Extremely high memory usage in GenServers

If really binarys from the bin-heap were the problem, observer wouldn’t count them to the genservers heapsize.

1 Like

This is not true. The process will garbage collect when it reaches the configurable min_heap_size, if the garbage collection was not enough it will allocate more memory to the heap.

3 Likes

It looks like you have one or more processes that are touching a “large” binary (i.e. a binary > 64 bytes), but are not allocating data frequently enough to be garbage collected themselves.

A large binary is reference counted, instead of being copied across processes. A reference count is bumped by every process that touches such binary. When a reference goes out of scope, the count is going to be decremented only after a fullsweep GC takes place. Until then, the ref count of a binary is > 0, and it’s kept in memory even if no one uses it. Therefore, if you have at least one process that touched a binary in the past, but is not allocating data too frequently to trigger a “fullsweep” GC, you’ll end up with an excessive amount of garbage binaries.

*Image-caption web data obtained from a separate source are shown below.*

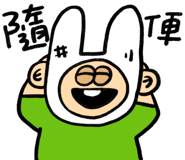 792209260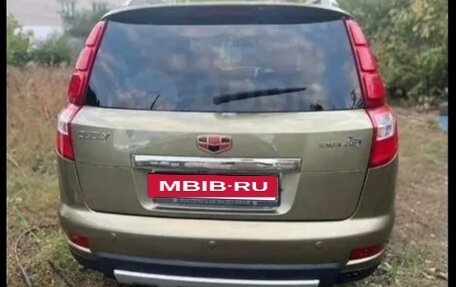 Geely Emgrand X7 I, 2016 год, 800 000 рублей, 3 фотография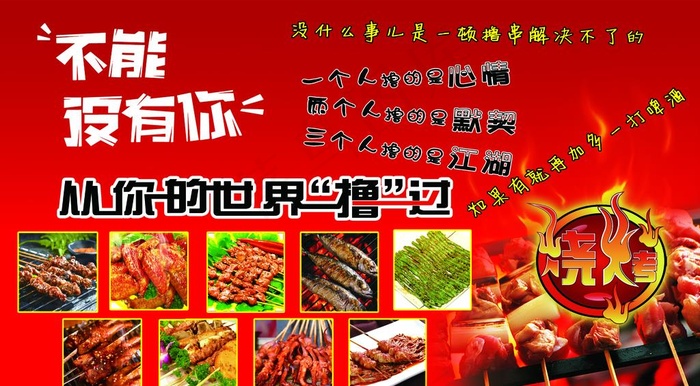 烧烤背景图片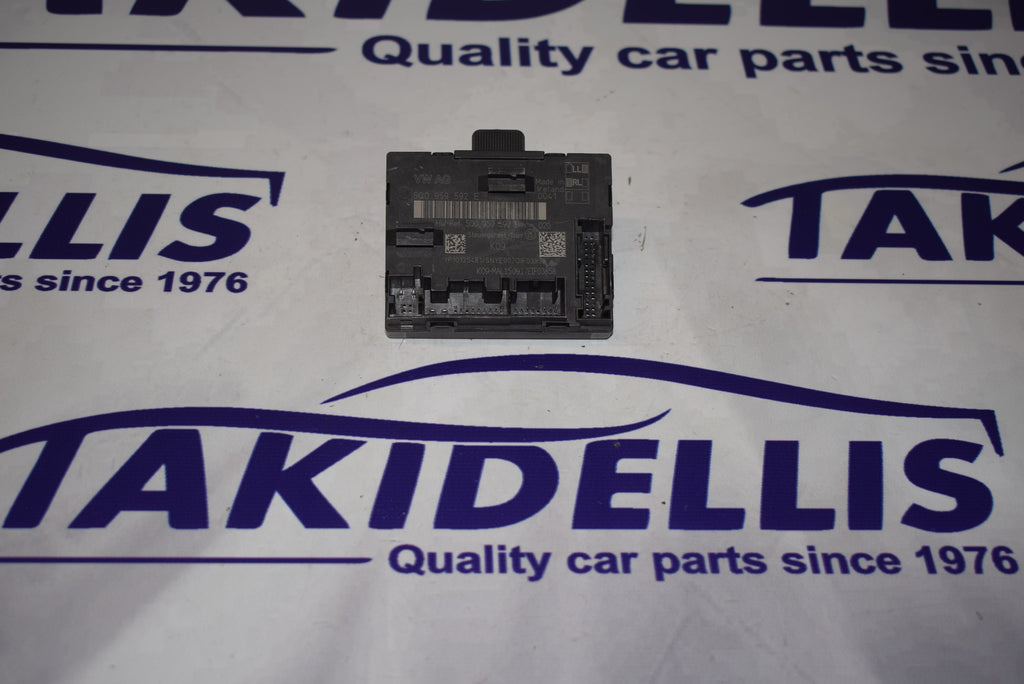 Εγκέφαλος Κεντρικού Κλειδώματος Group Vag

A simple example could be a process that acts as a mediator. It receives a message, then dispatches it to another process, and does nothing more than that. It doesn’t allocate a lot of data on its own, so it’s going to be GCed less frequently. If a part of dispatched messages is a large binary, the process touches a lot of large binaries, and can therefore be the cause of excessive dangling garbage.

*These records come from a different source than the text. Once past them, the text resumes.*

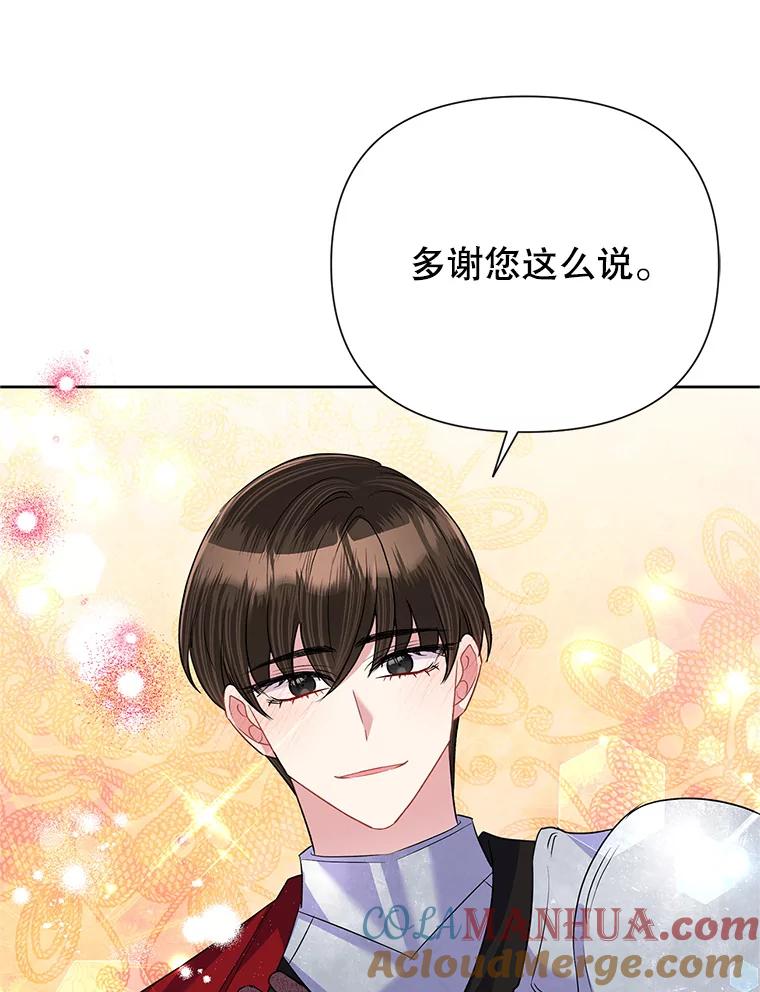 恶女今天也很快乐 55.离开 第77页
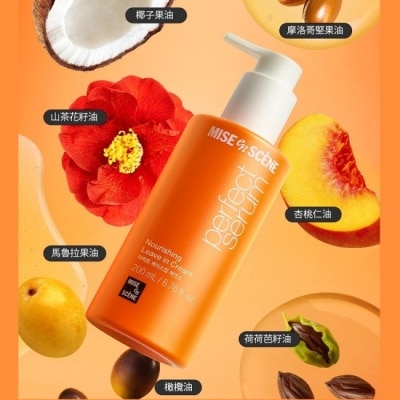 魅尚萱 魅尚萱 完美修護免沖洗精華乳 200ml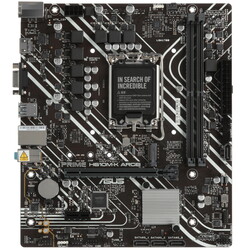 Изображение товара Материнская плата ASUS PRIME H610M-K ARGB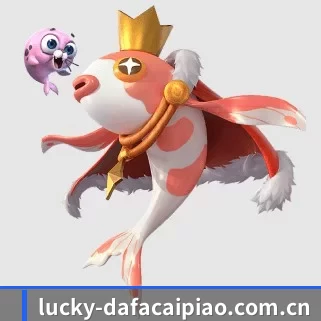 大发彩票开奖网 APP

You first need to identify such processes. Judging by your other output, it looks like they could be your User processes, but I can’t say for sure.

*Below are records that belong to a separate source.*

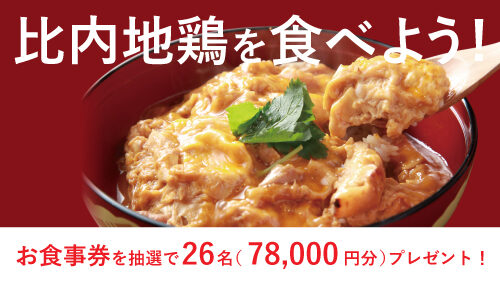 秋田県を代表する名物「比内地鶏」を食べよう！〈26名78,000円分の食事券プレゼントあり〉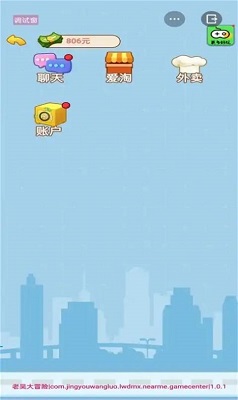 男人的逆袭免广告版游戏下载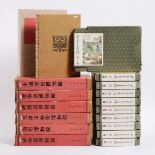 Ten Volumes of Rong Bao Zhai Hua Pu (Painting Albums), Together With Six Volumes of Museum Collectio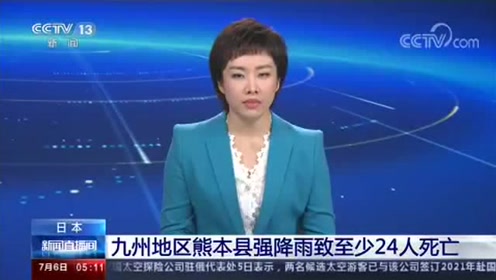 日本九州地区熊本县强降雨致至少24人死亡 腾讯视频
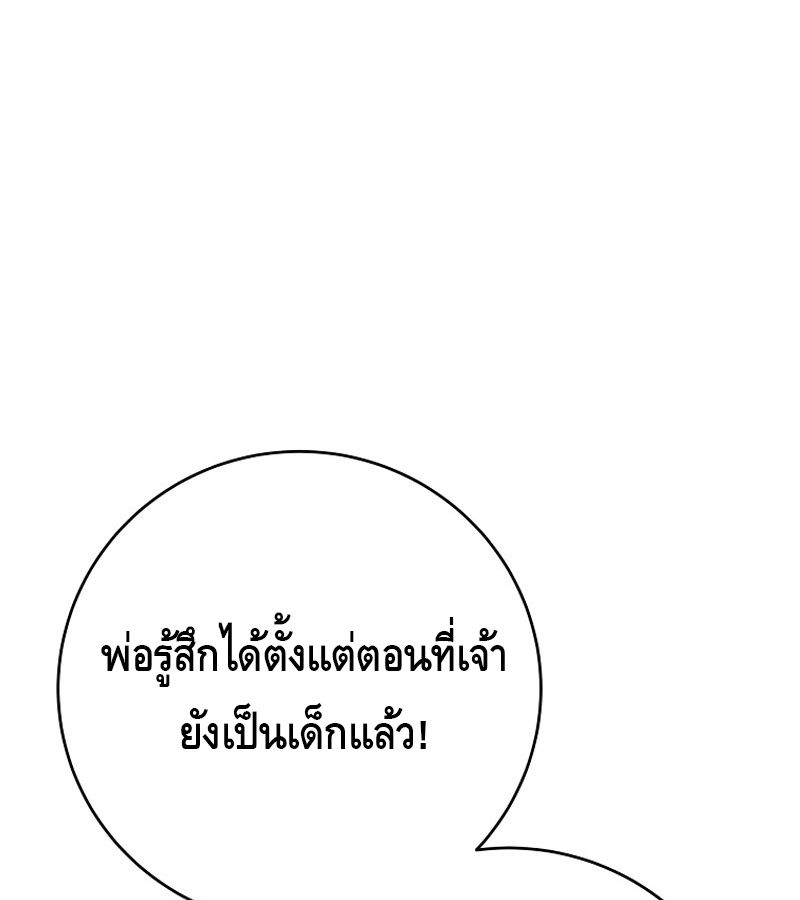 Reincarnated as a Genius Prodigy of a Prestigious Family ตอนที่ 3 123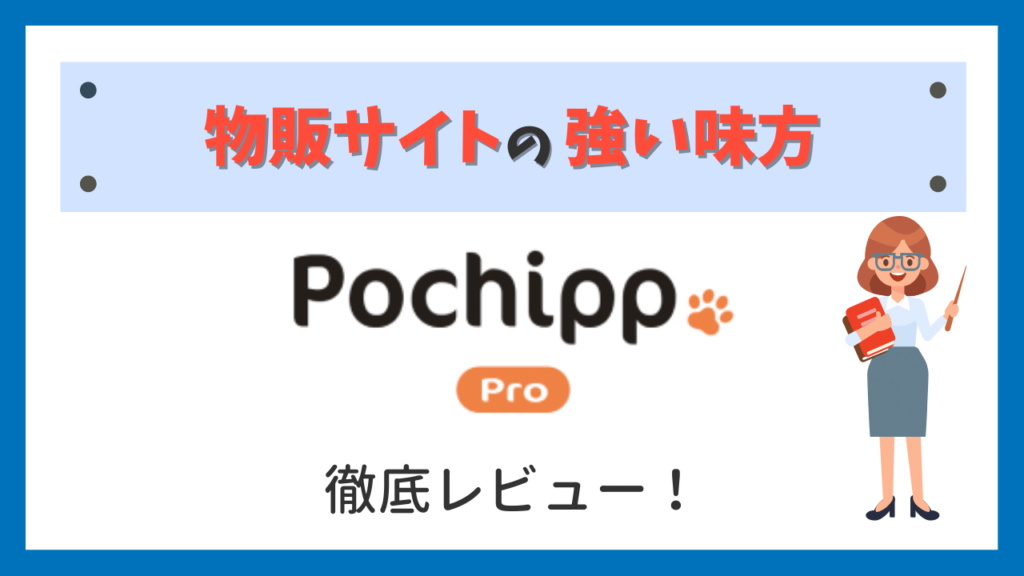 PochippPro徹底レビュー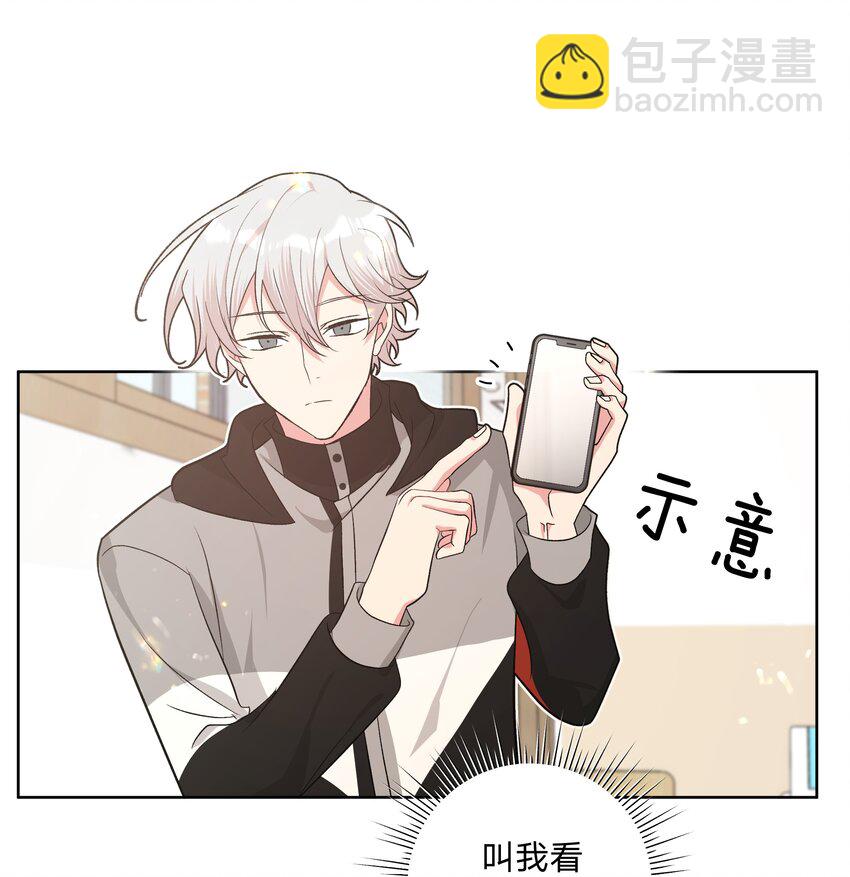 080 我好像有喜欢的人了-第90话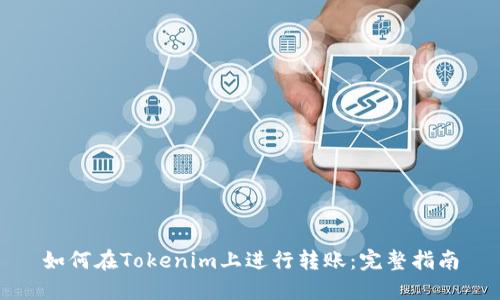 如何在Tokenim上进行转账：完整指南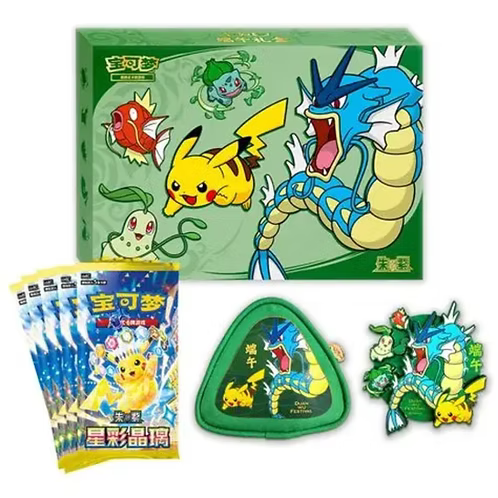 Pokémon: Chinese Dragon Boat Festival Gift Box (Chinese)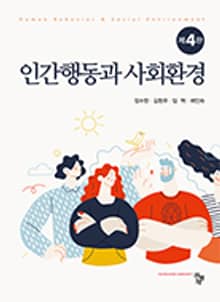 인간행동과 사회환경 4판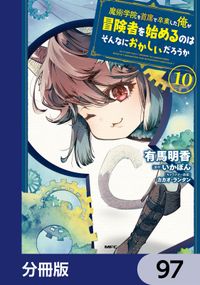 魔術学院を首席で卒業した俺が冒険者を始めるのはそんなにおかしいだろうか【分冊版】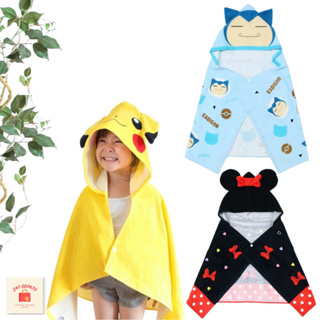 ผ้าเช็ดตัว มีฮู้ด ผ้าเช็ดผม Pikachu Rapunzel One Piece ราปันเซล วันพีซ ผ้าขนหนู ผ้าเช็ดตัวน่ารัก ผ้าเช็ดตัวเด็ก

Once you know which processes are causing the problem, a simple fix could be to hibernate the process after every message. This is done by including :hibernate in the result tuple of handle_* callbacks (e.g. {:noreply, next_state, :hibernate}). This will reduce the throughput of the process, but can do wonders for your memory usage.

Another option is to set the fullsweep_after flag of the problematic process to zero or a very small value. I think that GenServer.start_link(callback_module, spawn_opt: [fullsweep_after: desired_value]) should do the job. For more explanation, look for fullsweep_after in docs for the :erlang module.

43 Likes

Wow, thanks for the really great explanation!

I can confirm that your hypothesis about the problem is correct. Adding :hibernate to the handle_calls that I figured were problematic made the memory usage of each User go down from ~4000kb to ~50kb.

I’m going to do some benchmarking to make sure throughput isn’t effected too much (I highly doubt it will be a problem in the Users), and then just use this as a temporary solution.

I think the next evolution of the app is to use ETS tables to store the data. Given that I want to scale up the number of these processes to the tens of thousands (and they are in groups, maybe a couple hundred groups could exist at a time?), what would be a good way to use ETS tables?

  • I’m assuming that having an ETS table per Thought and per User is not practical (there is a limit to the number of tables)
  • Maybe I could have a table for each group of thoughts and for each group of users, and then use a couple GenServers purely to route requests to the correct node? Would these processes become a bottleneck in any way?
  • The ETS tables could be deleted after a few minutes, as their data will be persisted in Postgres eventually

I know it’s hard to give a lot of input without more knowledge about the actual app, but any feedback on whether I’m thinking in the right direction would be helpful.

Thanks again for the awesome answer!

3 Likes

I’m thinking out loud right now: Could you use the Registry module to store the data?

I know it partitions data into multiple ETS tables, and cleans up on the process exit/crash.

You could have a process that acts serializes writes to the registry, after those few minutes that you mentioned the process can dump it’s Registry data into postgres and on exit the Registry will cleanup.

Thoughts?

1 Like

It’s hard for me to give any specific advice, other than not to go for ETS unless you know you need it :slight_smile:

Usual cases for ETS involve multiple processes reading/writing the same data. Another example could be a process with a large active heap which is frequently changing. There are probably other cases, but these are the ones I can think of immediately, where ETS can improve perf/mem usage dramatically.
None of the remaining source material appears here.